You are viewing a plain text version of this content. The canonical link for it is here.
Posted to solr-user@lucene.apache.org by Arkadi Colson <ar...@smartbit.be> on 2012/12/14 15:10:09 UTC
NGram with words
Hi
When "abcdefg 123456" is in Solr I would like to have match with
- abcd
- cdef
- abcdefg 123456
- "abcdefg 123456"
- "defg 1234"
The last one is actually not working.
What am I doing wrong?
My config looks like this.
/<field name="smsc_description" type="text" indexed="true"
stored="false" multiValued="true" omitNorms="true" omitPositions="false"
omitTermFreqAndPositions="false"/>
<field name="smsc_description_ngram" type="text_ngram"
indexed="true" stored="false" multiValued="true" omitNorms="true"
omitPositions="false" omitTermFreqAndPositions="false"/>
<copyField source="smsc_description" dest="smsc_description_ngram"/>
//<fieldType name="text" class="solr.TextField" positionIncrementGap="100">
<analyzer type="index">
<charFilter class="solr.HTMLStripCharFilterFactory"/>
<tokenizer class="solr.WhitespaceTokenizerFactory"/>
<filter class="solr.StopFilterFactory" ignoreCase="true"
words="stopwords_en.txt,stopwords_du.txt" enablePositionIncrements="true"/>
<filter class="solr.LowerCaseFilterFactory"/>
</analyzer>
<analyzer type="query">
<tokenizer class="solr.WhitespaceTokenizerFactory"/>
<filter class="solr.SynonymFilterFactory"
synonyms="synonyms.txt" ignoreCase="true" expand="true"/>-->
<filter class="solr.StopFilterFactory" ignoreCase="true"
words="stopwords_en.txt,stopwords_du.txt" enablePositionIncrements="true"/>
<filter class="solr.LowerCaseFilterFactory"/>
</analyzer>
</fieldType>
<fieldType name="text_ngram" class="solr.TextField"
positionIncrementGap="100">
<analyzer type="index">
<charFilter class="solr.HTMLStripCharFilterFactory"/>
<tokenizer class="solr.WhitespaceTokenizerFactory"/>
<filter class="solr.StopFilterFactory" ignoreCase="true"
words="stopwords_en.txt,stopwords_du.txt" enablePositionIncrements="true"/>
<filter class="solr.LowerCaseFilterFactory"/>
<filter class="solr.NGramFilterFactory" minGramSize="2"
maxGramSize="8"/>
</analyzer>
<analyzer type="query">
<tokenizer class="solr.WhitespaceTokenizerFactory"/>
<filter class="solr.StopFilterFactory" ignoreCase="true"
words="stopwords_en.txt,stopwords_du.txt" enablePositionIncrements="true"/>
<filter class="solr.LowerCaseFilterFactory"/>
</analyzer>
</fieldType>
/
BR,
Arkadi
Re: NGram with words
Posted by Walter Underwood <wu...@wunderwood.org>.
I specified "edge ngrams" because that is the one I've investigated. --wunder
On Dec 14, 2012, at 8:30 AM, Jack Krupansky wrote:
> I can believe it.
>
> Note: He's using "ngrams", not "edge" ngrams.
>
> -- Jack Krupansky
> -----Original Message----- From: Walter Underwood
> Sent: Friday, December 14, 2012 11:21 AM
> To: solr-user@lucene.apache.org
> Cc: arkadi@smartbit.be
> Subject: Re: NGram with words
>
> Positions for edge ngrams are wrong.

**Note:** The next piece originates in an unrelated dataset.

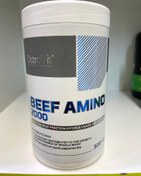 تصویر آمینو بیف ۲۰۰۰ استروویت ۳۰۰ قرص Amino Beef 2000 Ostrovit 300tabs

They should be handled like synonyms. This breaks phrase matching with ngrams. Not sure if there is a bug filed for this.
>
> wunder
>
> On Dec 14, 2012, at 8:16 AM, Jack Krupansky wrote:
>
>> Yeah, the positions for ngrams have a good chance of not being what you want.
>>
>> But do try the Solr Admin Analysis web page for that index text and see what positions it generates for the sub-words. The two generated words used in your query may not have adjacent positions.
>>
>> -- Jack Krupansky
>>
>> -----Original Message----- From: Arkadi Colson
>> Sent: Friday, December 14, 2012 9:10 AM
>> To: solr-user@lucene.apache.org
>> Subject: NGram with words
>>
>> Hi
>>
>> When "abcdefg 123456" is in Solr I would like to have match with
>>
>> - abcd
>> - cdef
>> - abcdefg 123456
>> - "abcdefg 123456"
>> - "defg 1234"
>>
>> The last one is actually not working.
>> What am I doing wrong?
>> My config looks like this.
>>
>> /<field name="smsc_description" type="text" indexed="true"
>> stored="false" multiValued="true" omitNorms="true" omitPositions="false"
>> omitTermFreqAndPositions="false"/>
>> <field name="smsc_description_ngram" type="text_ngram"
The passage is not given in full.